*** Data supplied
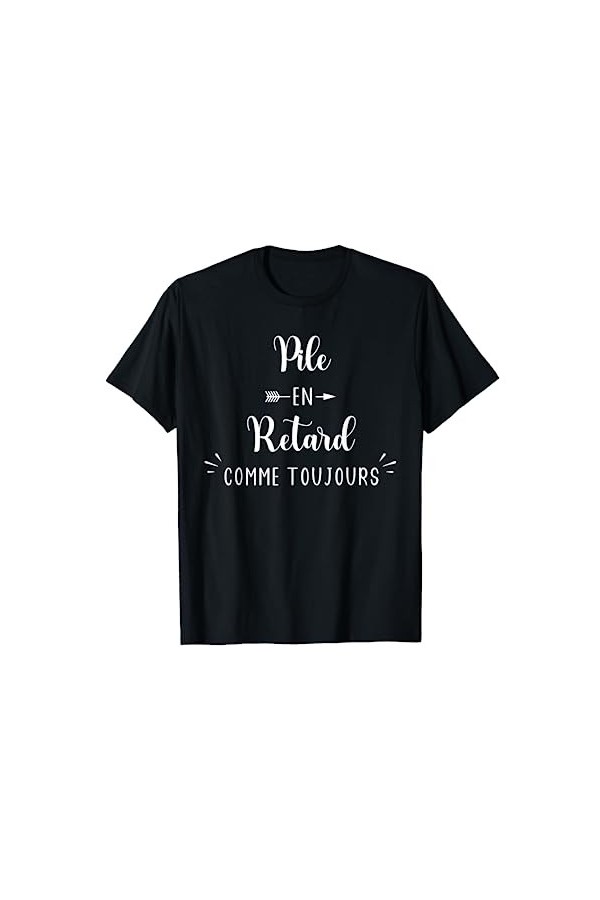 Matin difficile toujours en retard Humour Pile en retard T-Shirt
******
*** Data supplied
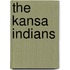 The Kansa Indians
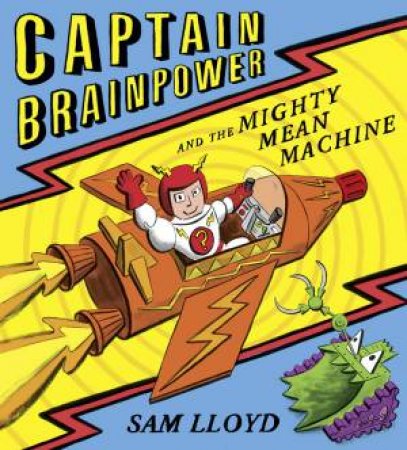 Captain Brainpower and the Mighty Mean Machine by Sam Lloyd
******
Copy the listing above exactly, but only from the line with "The Kansa Indians" through the line with "Captain Brainpower and", including those two lines and excluding any picture.

» Result for this exercise
 The Kansa Indians
 Captain Brainpower and the Mighty Mean Machine by Sam Lloyd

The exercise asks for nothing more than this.